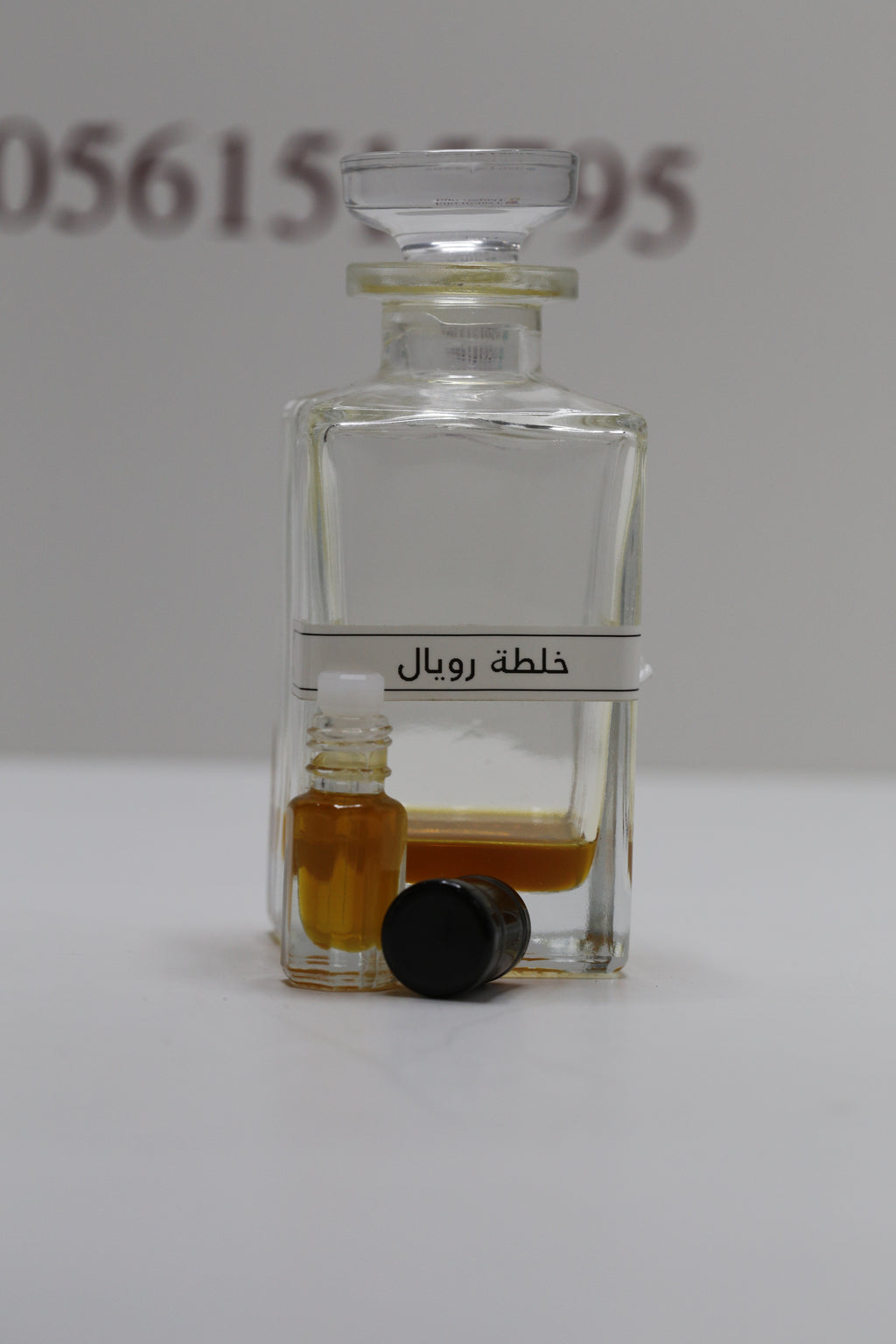 خلطة رويال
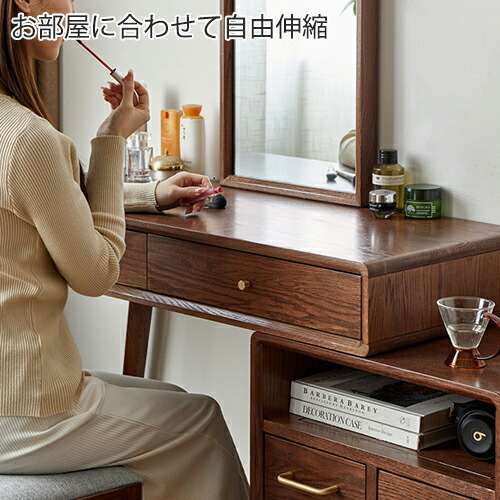 楽天市場】【YESWOOD 公式】ドレッサー 鏡台 机 書斎机 単品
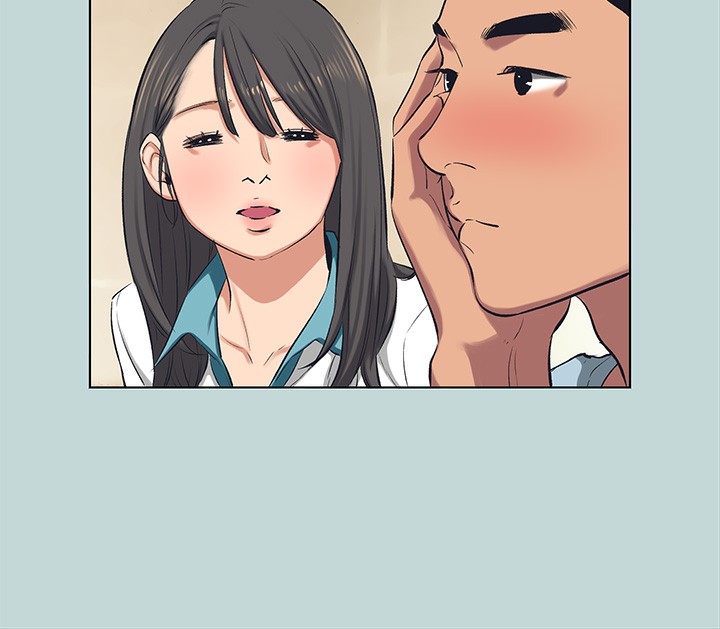 72P - 纵夏夜之梦(无码版)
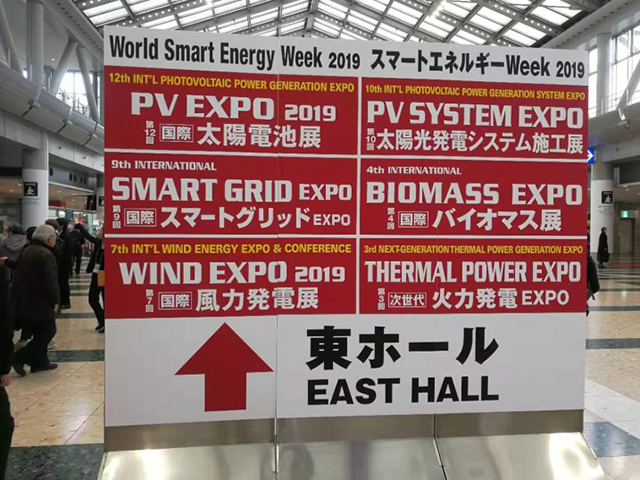 錦州陽光能源攜方單晶高效系列組件亮相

==============================

**ACTION ITEM:** Transcribe exactly the lines above, running from the one that contains "楽天市場】【YESWOOD 公式】ドレッサー 鏡台 机 書斎机 単品" through the final line of the listing, and skip every picture.

**EXERCISE ANSWER:**
 楽天市場】【YESWOOD 公式】ドレッサー 鏡台 机 書斎机 単品
 72P - 纵夏夜之梦(无码版)
 錦州陽光能源攜方單晶高效系列組件亮相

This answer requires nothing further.